# What is the pixels to units property in Unity sprites used for?

I'm starting to learn Unity for 2D development.

So, I am importing several sprites into the game, and I couldn't help but notice that there is a "pixels to units" property, by default on 100. I normally set it to 1. Is there a reason why I would need to have this value different than 1? Or, more generally, is there a reason to have multiple sprites with different

## 2 Answers

100 pixels per unit would mean a sprite that's 100 pixels would equal 1 unit in the scene. It's simply a scale to say how many pixels equal one unit. This can affect things like physics. A lower pixels to units setting would require more force to move one unit than a higher pixels to units setting.

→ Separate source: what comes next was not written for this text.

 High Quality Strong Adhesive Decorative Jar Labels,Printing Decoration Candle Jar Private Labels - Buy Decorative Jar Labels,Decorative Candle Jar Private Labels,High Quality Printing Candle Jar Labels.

Yes, there may be times where you'll want to manipulate the pixels per unit. If you have a tile sheet of 16x16 tiles, you may want to consider setting the pixels per unit to 16 so that you can easily snap tiles together in a scene, for example.

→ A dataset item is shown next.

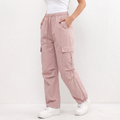 Women's Relaxed Cargo Trousers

• A higher pixels to units setting would require more force to move one unit than a lower pixels to units setting. Isn't it the other way round? Lower setting = larger object in the physics simulation (eg. setting it to 1 with a sprite that is 200 pixels tall will make the sprite 200 meter tall in the physics engine). – bummzack Sep 15 '14 at 7:22
• Ah yes, you're right. Got that mixed up! Thanks for pointing it out. Edited my answer. – Cooper Sep 15 '14 at 11:08

Answering the question in your title, units in Unity are arbitrary. It's just a number; the most common interpretation is that 1 unit means 1 meter, but that's just the most commonly agreed upon value. You could decide 1 unit = 1 foot, or 1 unit = 1 inch, etc.

As for why you would use the default setting of 100 pixels, it's because the physics system doesn't like values that are too large. If you set 1 unit = 1 pixel, then the physics system would be moving objects hundreds of units per frame, and the physics calculations tend to break down in that situation. By setting 1 unit = 100 pixels, then physics will be moving objects more like a couple units per frame.